Hasil sandingan beberapa peta rujukan secara digital seri Army Map Service (AMS), U.S Army, Washington D.C. cetakan pertama (1958 dan 1959), Topographische Dient (1915-41), data hidrografi tahun 1918-1950 dan 1951 dari Netherland Hydrographic Charts dan USHO Charts, yang terdiri dari 11 lembar peta skala 1 : 250.000, peta-peta seri AMS keluaran Bakosurtanal, peta batimetri Dishidros AL dan peta batimetri laut Jawa kompilasi Puslitbang Geologi Kelautan (1990-2004), memperlihatkan bahwa selama lebih dari 50 tahun, dasar laut Jawa telah mengalami perubahan kedalaman dan bentuk morfologi.

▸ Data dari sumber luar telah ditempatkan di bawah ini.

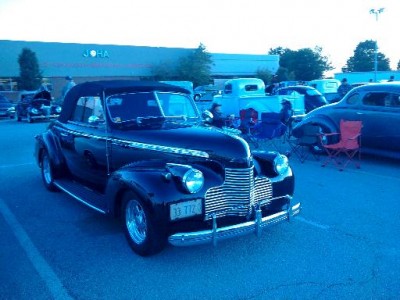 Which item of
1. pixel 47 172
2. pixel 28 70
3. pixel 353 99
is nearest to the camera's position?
pixel 47 172

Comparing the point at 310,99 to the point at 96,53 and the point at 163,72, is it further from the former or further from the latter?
the point at 96,53

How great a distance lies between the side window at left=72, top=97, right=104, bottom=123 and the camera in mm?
5445

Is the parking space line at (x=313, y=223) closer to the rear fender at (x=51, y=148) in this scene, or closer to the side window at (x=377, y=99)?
the rear fender at (x=51, y=148)

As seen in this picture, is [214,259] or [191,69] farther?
[191,69]

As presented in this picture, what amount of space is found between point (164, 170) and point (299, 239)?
187cm

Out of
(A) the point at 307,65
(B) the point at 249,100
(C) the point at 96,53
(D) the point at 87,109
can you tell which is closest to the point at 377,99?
(B) the point at 249,100

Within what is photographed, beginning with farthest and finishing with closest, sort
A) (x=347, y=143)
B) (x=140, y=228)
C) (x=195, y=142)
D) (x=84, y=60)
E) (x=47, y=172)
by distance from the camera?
1. (x=84, y=60)
2. (x=347, y=143)
3. (x=47, y=172)
4. (x=195, y=142)
5. (x=140, y=228)

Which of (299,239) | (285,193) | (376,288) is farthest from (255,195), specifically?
(376,288)

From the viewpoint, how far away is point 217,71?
2062 inches

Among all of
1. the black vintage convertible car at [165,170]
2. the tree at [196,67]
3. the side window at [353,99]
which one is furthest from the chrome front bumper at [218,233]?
the tree at [196,67]

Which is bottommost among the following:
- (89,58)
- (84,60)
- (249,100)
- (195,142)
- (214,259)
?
(214,259)

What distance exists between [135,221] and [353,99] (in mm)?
7100

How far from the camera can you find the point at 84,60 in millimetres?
42250

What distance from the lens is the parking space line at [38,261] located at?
360 cm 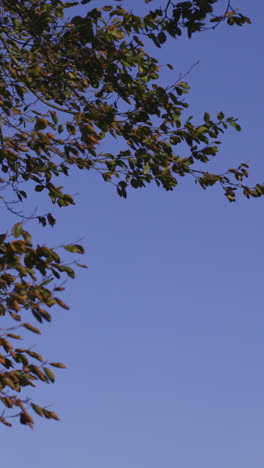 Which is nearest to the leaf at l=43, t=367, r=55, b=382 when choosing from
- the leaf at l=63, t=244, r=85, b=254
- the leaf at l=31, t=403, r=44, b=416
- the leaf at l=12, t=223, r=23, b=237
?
the leaf at l=31, t=403, r=44, b=416

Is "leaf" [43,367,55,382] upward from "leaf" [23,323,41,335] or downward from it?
downward

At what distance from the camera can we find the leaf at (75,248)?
7949 mm

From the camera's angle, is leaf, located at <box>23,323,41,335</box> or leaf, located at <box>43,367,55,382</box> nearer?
leaf, located at <box>23,323,41,335</box>

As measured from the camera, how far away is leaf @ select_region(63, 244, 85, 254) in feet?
26.1

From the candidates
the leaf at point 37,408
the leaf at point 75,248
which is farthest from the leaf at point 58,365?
the leaf at point 75,248

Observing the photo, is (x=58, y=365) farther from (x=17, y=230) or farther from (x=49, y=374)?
(x=17, y=230)

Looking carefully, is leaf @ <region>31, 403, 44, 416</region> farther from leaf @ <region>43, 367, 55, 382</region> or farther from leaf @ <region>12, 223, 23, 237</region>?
leaf @ <region>12, 223, 23, 237</region>

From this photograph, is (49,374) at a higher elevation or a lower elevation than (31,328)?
lower

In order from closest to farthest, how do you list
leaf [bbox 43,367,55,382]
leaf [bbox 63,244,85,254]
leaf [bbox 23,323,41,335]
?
leaf [bbox 23,323,41,335] → leaf [bbox 43,367,55,382] → leaf [bbox 63,244,85,254]

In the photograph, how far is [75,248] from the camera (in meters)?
7.97

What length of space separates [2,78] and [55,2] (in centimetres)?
136

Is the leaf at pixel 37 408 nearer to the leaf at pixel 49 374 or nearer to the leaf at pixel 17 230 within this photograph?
the leaf at pixel 49 374

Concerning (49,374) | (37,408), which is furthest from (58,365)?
(37,408)

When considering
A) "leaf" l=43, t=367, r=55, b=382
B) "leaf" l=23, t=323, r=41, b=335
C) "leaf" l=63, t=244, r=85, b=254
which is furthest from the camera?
"leaf" l=63, t=244, r=85, b=254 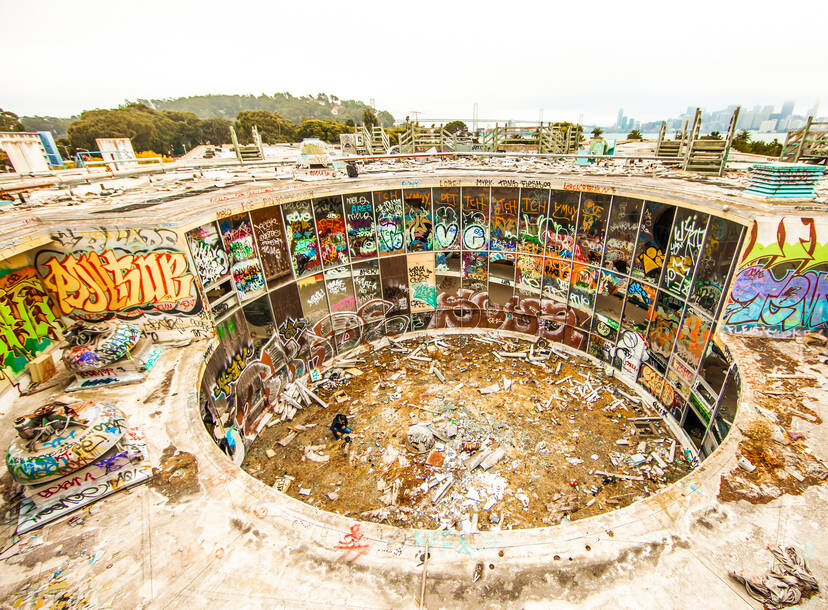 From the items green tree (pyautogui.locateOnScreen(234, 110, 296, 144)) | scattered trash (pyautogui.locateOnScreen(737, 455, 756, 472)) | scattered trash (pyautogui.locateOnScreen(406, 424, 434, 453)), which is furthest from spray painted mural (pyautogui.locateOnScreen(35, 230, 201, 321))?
green tree (pyautogui.locateOnScreen(234, 110, 296, 144))

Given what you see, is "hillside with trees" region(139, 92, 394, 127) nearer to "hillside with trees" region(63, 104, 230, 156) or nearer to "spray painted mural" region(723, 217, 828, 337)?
"hillside with trees" region(63, 104, 230, 156)

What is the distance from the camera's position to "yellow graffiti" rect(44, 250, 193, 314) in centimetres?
915

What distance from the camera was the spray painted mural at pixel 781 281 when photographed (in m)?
8.48

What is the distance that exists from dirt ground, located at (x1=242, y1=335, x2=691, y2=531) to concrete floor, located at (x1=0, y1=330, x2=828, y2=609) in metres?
4.06

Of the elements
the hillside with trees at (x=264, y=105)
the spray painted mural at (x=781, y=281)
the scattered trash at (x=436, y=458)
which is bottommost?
the scattered trash at (x=436, y=458)

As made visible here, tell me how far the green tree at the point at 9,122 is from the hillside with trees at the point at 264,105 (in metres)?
108

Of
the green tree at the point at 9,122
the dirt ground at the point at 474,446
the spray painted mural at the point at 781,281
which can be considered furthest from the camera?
the green tree at the point at 9,122

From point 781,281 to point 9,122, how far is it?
71.0 metres

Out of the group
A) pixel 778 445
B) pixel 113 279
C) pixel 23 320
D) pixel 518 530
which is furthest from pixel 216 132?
pixel 778 445

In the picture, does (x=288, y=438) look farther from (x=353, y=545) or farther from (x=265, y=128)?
(x=265, y=128)

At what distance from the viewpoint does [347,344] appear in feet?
52.1

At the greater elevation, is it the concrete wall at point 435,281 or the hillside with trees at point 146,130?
the hillside with trees at point 146,130

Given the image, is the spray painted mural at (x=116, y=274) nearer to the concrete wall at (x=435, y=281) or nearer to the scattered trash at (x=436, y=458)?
the concrete wall at (x=435, y=281)

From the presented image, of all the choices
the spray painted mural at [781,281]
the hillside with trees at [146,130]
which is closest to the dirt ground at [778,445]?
the spray painted mural at [781,281] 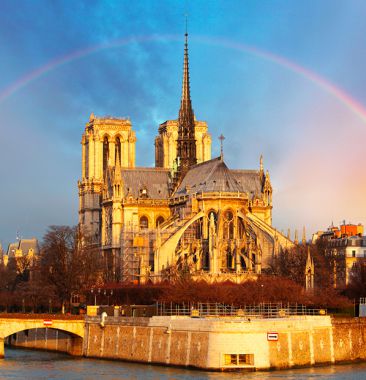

Walaupun sebagian besar morfologi dasar laut
Jawa masih memiliki kemiripan pola dari tahun ke tahun, namun ditemukan
pula adanya perbedaan kedalaman yang cukup signifikan dengan selisih
kedalaman 10,0 meter, seperti yang terjadi di Teluk Banten, perairan
Cirebon, Semarang, dan Tuban.
Interpretasi penampang seismik resolusi tinggi
dari hasil pemetaan geologi dan geofisika kelautan bersistem oleh Kapal
Peneliti Geomarin I milik Puslitbang Geologi Kelautan, Kementerian
ESDM, di sepanjang perairan pantai utara Jawa memperlihatkan adanya
indikasi sesar tumbuh dan nendatan yang diduga menjadi salah satu efek
penurunan dasar laut yang diduga turut memperkuat terjadinya fenomena
rob di sepanjang pantai utara Jawa.
Indikasi sesar tumbuh (growth fault) pada
sedimen Kuarter yang tumbuh menembus lapisan
Holosen berdasarkan rekaman seismik pantul di perairan utara Jawa.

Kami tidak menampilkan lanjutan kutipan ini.